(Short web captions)
******

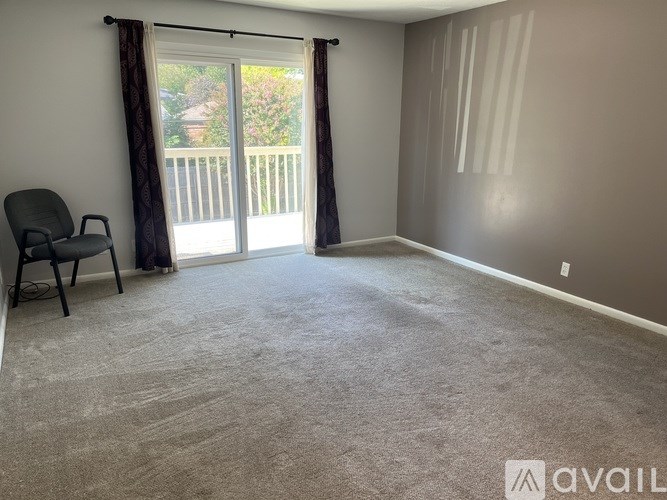 A room with a carpeted floor, a chair, and a sliding glass door leading to a balcony.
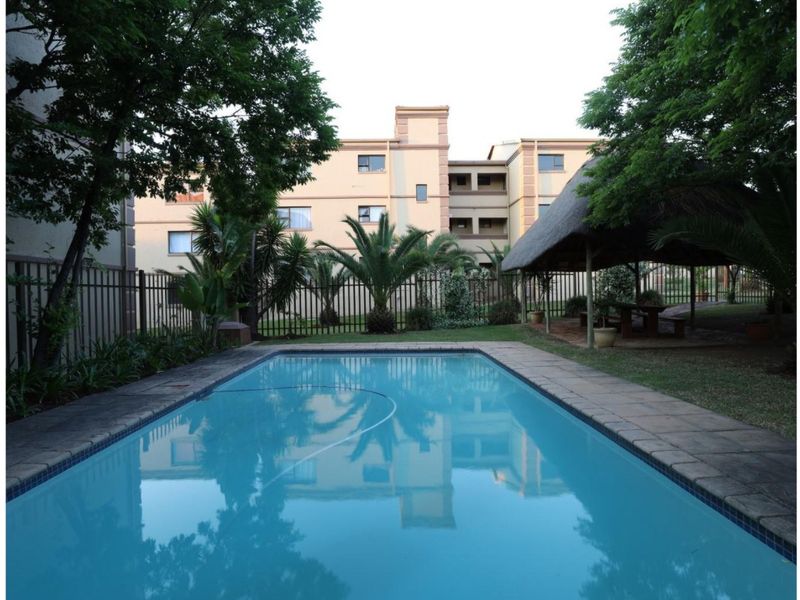 Communal swimming pool area featuring a thatch lapa, paved surround, and established garden within a secure townhouse complex.
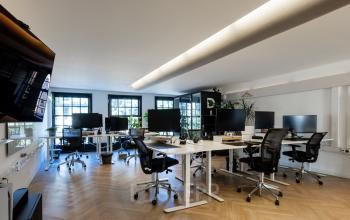 Modern workspace at Rokin 46-1, Amsterdam Center, featuring sleek desks, advanced computers, and ergonomic chairs, ideal for office space rental.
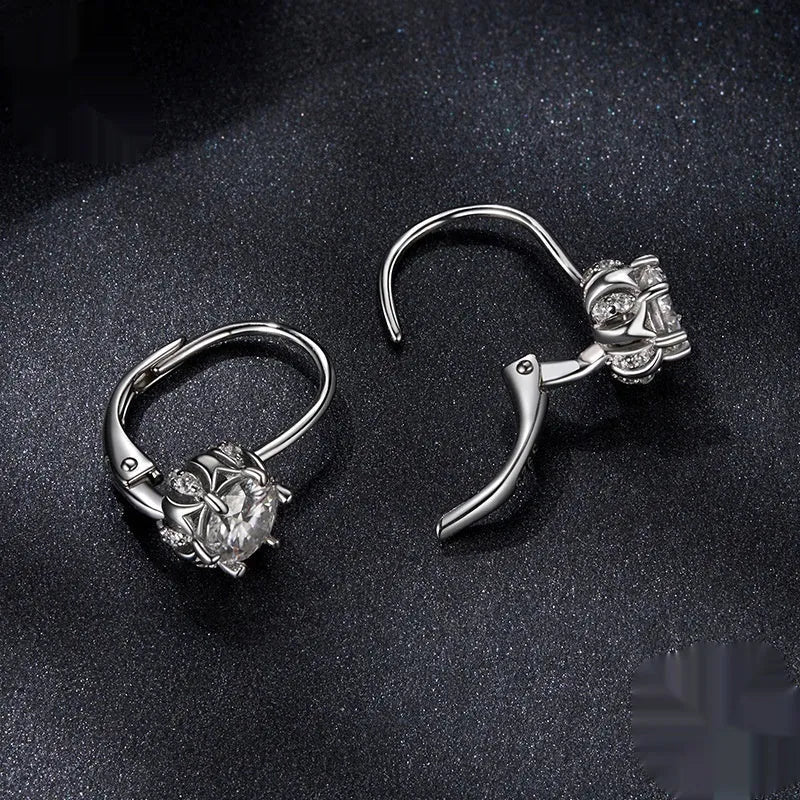 Sterling silver flower bud ear clip earring with white gold plating and moissanite stones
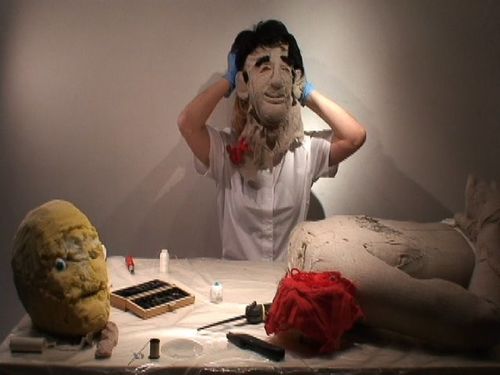 The artist removes a large, grotesque mask from her head while in front of her a decapitated dummy lies on a table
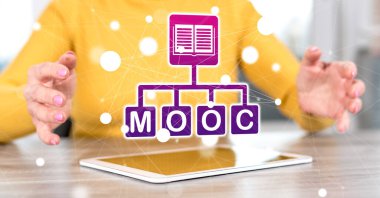 Arka planda bir kadının elleri arasında mooc kavramı olan dijital tablet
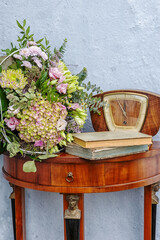 antique sideboard with flowers, old clock and old books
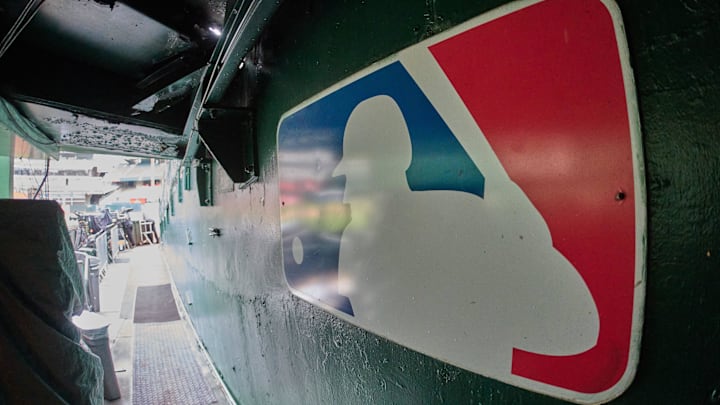 Aug 24, 2024; Oakland, California, USA; The major league baseball logo is seen on signage near the player's entrance to the field at Oakland-Alameda County Coliseum before the game between the Oakland Athletics and the Milwaukee Brewers.  Mandatory Credit: Robert Edwards-Imagn Images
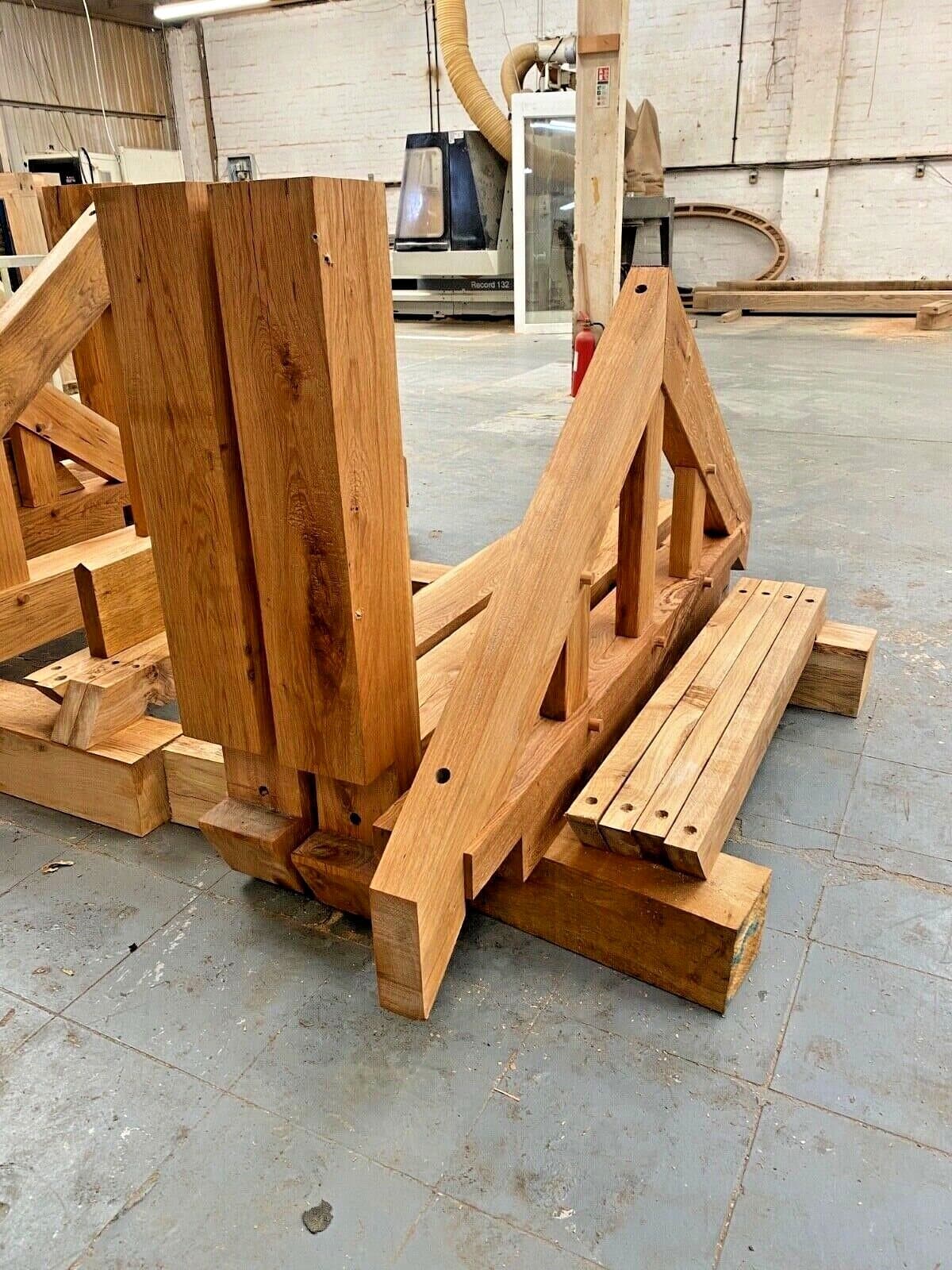A porch frame taken apart and stacked as a numbered kit, ready for delivery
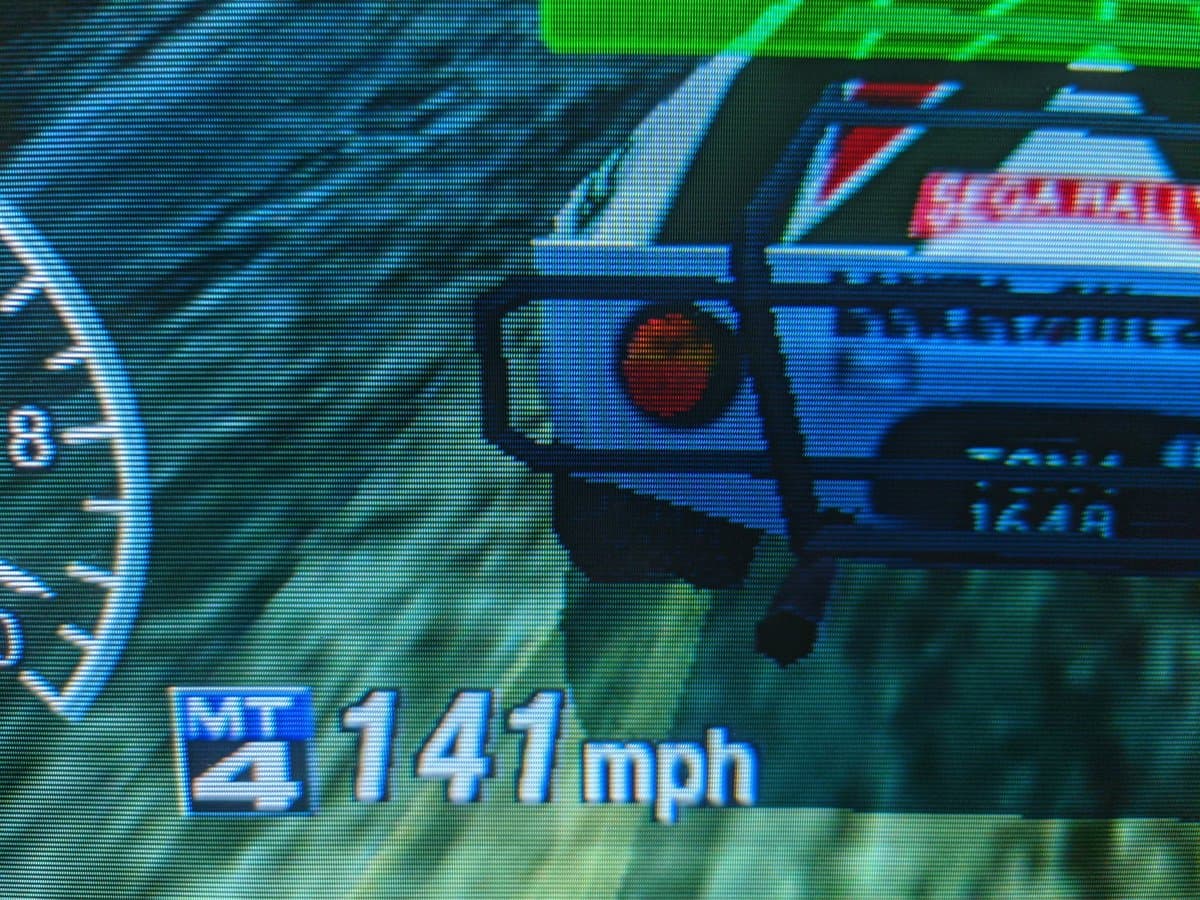 Sega Rally arcade game running on repaired Sony CPD-G420 CRT monitor showing 141 mph speedometer readout, geometry corrected via G2 voltage calibration.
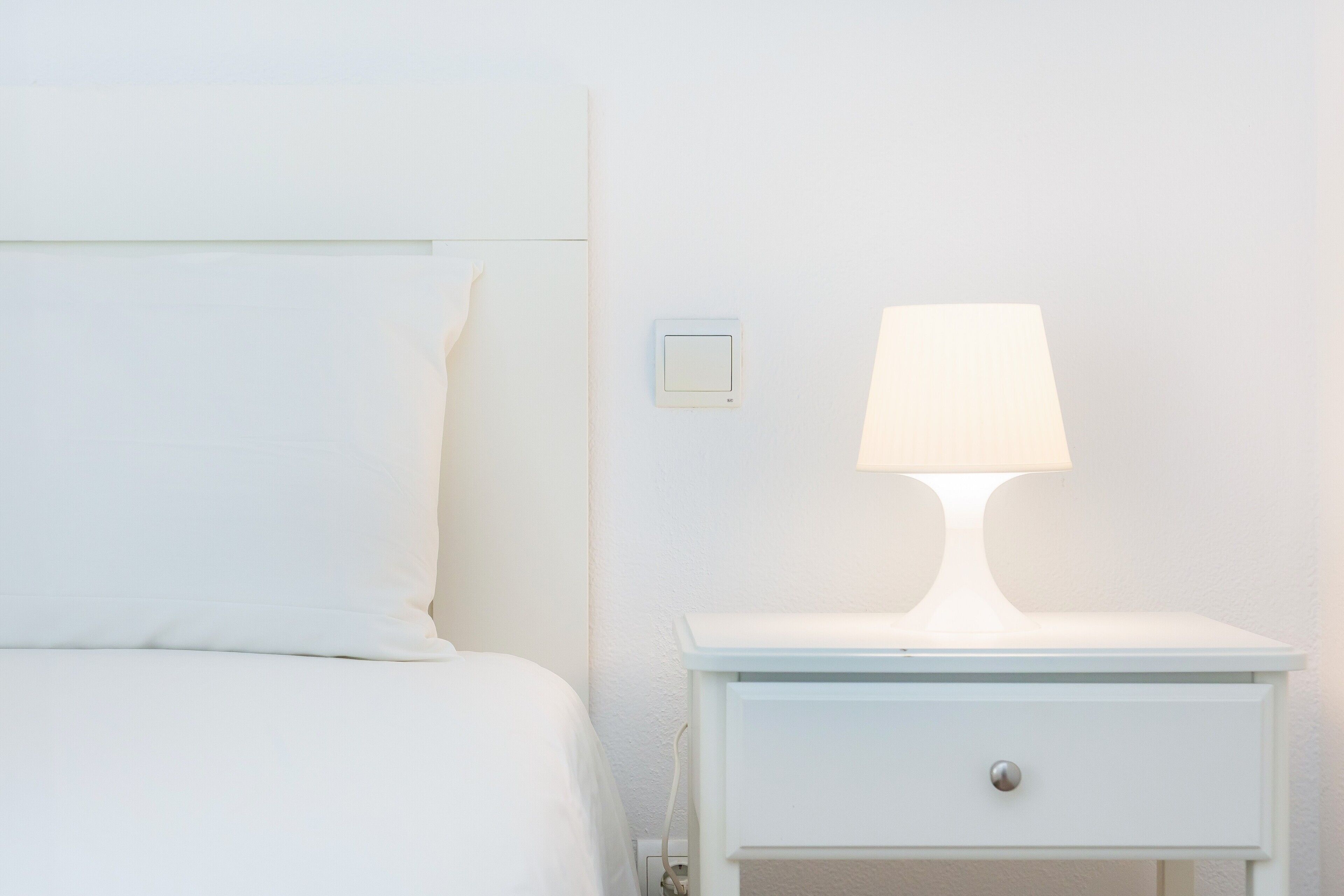 A white bed with a pillow, a white nightstand with a lamp, and a wall switch.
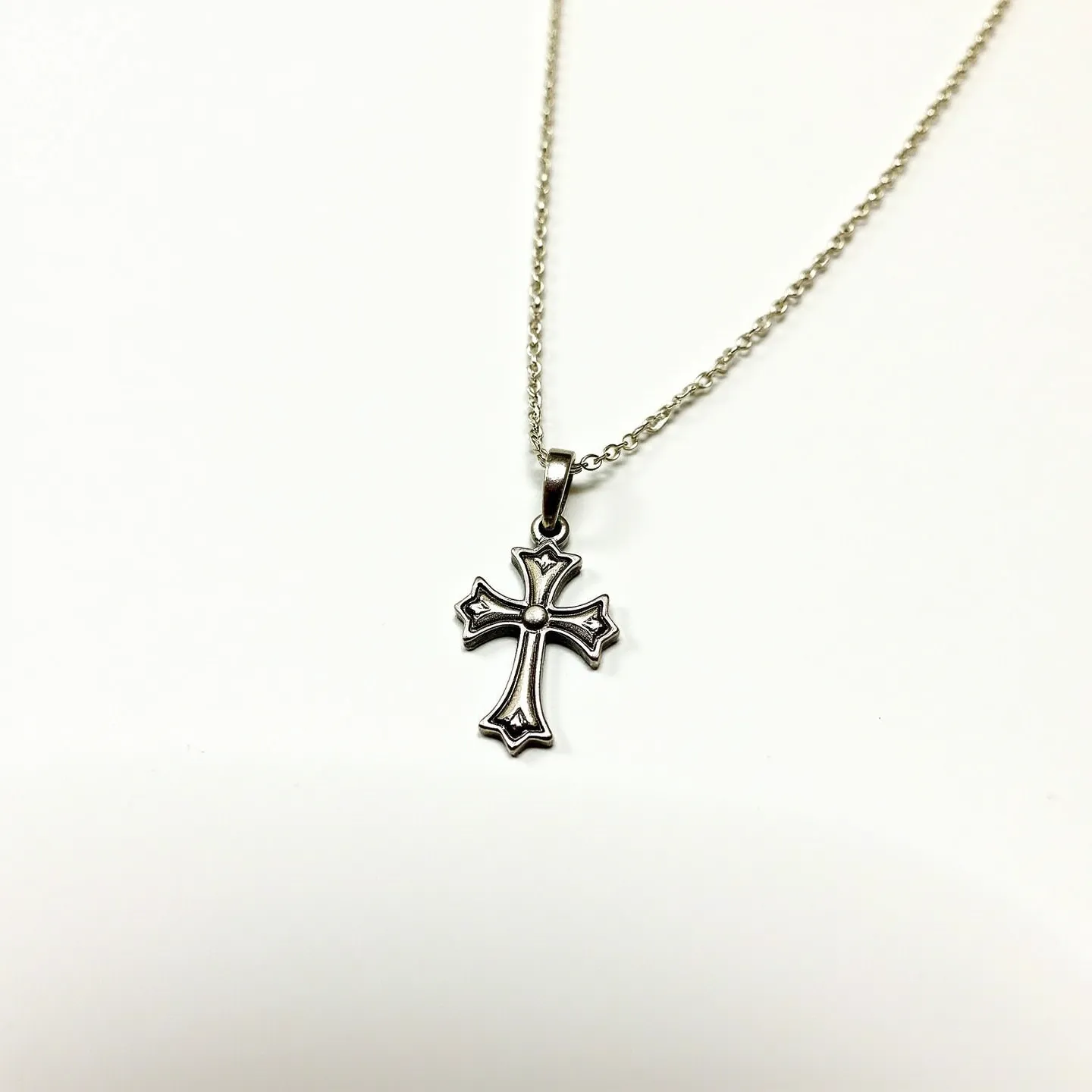 This baby cross necklace features a delicately designed cross pendant made of what appears to be a metal, likely silver or a silver-toned material, creating a bright and reflective finish. The pendant hangs from a fine link chain, which adds a subtle elegance to the piece. The cross itself is ornately decorated with intricate patterns that highlight its design. The necklace is secured with a small, simple ring attachment at the top of the cross, allowing it to move freely along the chain and ensuring ease of wearing. The overall craftsmanship suggests a piece that is both stylish and suitable for a baby or a special occasion.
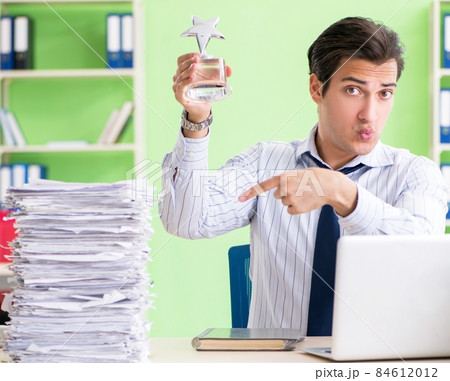Businessman having problems with paperwork and workload Businessman having problems with paperwork and workload 84612012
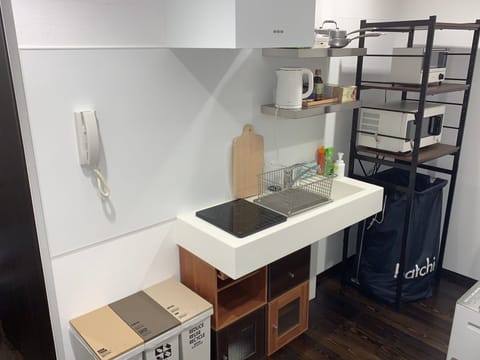 Fridge, microwave, cookware/dishes/utensils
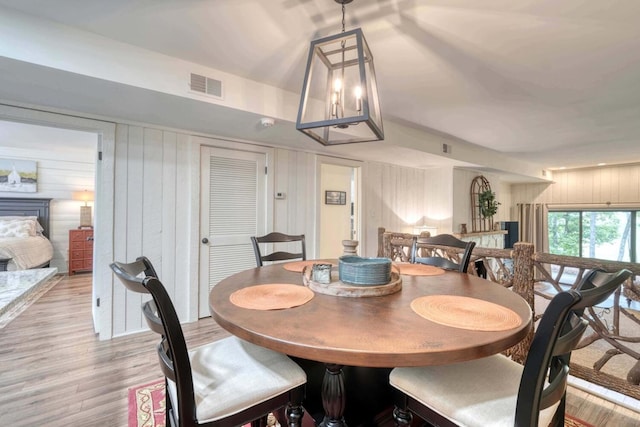 dining space with light hardwood / wood-style flooring, wood walls, and a fireplace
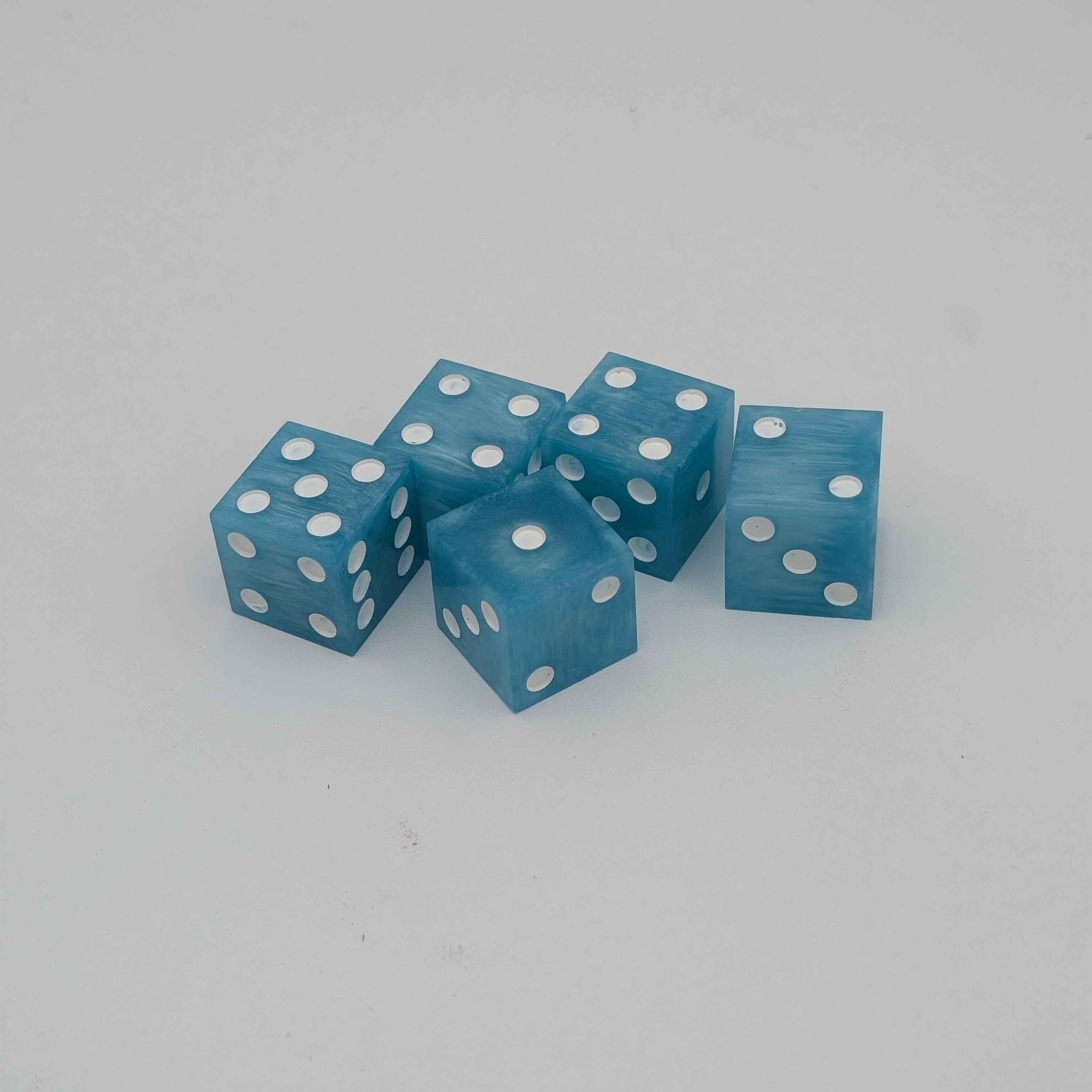 5 Blue and white D6 Dice on a plain white background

******

*Instructions for the task*.
Exclude images. Return the data above verbatim.

*The answer*.
 A room with a carpeted floor, a chair, and a sliding glass door leading to a balcony.
 Communal swimming pool area featuring a thatch lapa, paved surround, and established garden within a secure townhouse complex.
 Modern workspace at Rokin 46-1, Amsterdam Center, featuring sleek desks, advanced computers, and ergonomic chairs, ideal for office space rental.
 Sterling silver flower bud ear clip earring with white gold plating and moissanite stones
 The artist removes a large, grotesque mask from her head while in front of her a decapitated dummy lies on a table
 Arka planda bir kadının elleri arasında mooc kavramı olan dijital tablet
 antique sideboard with flowers, old clock and old books
 Aug 24, 2024; Oakland, California, USA; The major league baseball logo is seen on signage near the player's entrance to the field at Oakland-Alameda County Coliseum before the game between the Oakland Athletics and the Milwaukee Brewers.  Mandatory Credit: Robert Edwards-Imagn Images
A porch frame taken apart and stacked as a numbered kit, ready for delivery
 Sega Rally arcade game running on repaired Sony CPD-G420 CRT monitor showing 141 mph speedometer readout, geometry corrected via G2 voltage calibration.
 A white bed with a pillow, a white nightstand with a lamp, and a wall switch.
 This baby cross necklace features a delicately designed cross pendant made of what appears to be a metal, likely silver or a silver-toned material, creating a bright and reflective finish. The pendant hangs from a fine link chain, which adds a subtle elegance to the piece. The cross itself is ornately decorated with intricate patterns that highlight its design. The necklace is secured with a small, simple ring attachment at the top of the cross, allowing it to move freely along the chain and ensuring ease of wearing. The overall craftsmanship suggests a piece that is both stylish and suitable for a baby or a special occasion.
Businessman having problems with paperwork and workload Businessman having problems with paperwork and workload 84612012
 Fridge, microwave, cookware/dishes/utensils
 dining space with light hardwood / wood-style flooring, wood walls, and a fireplace
 5 Blue and white D6 Dice on a plain white background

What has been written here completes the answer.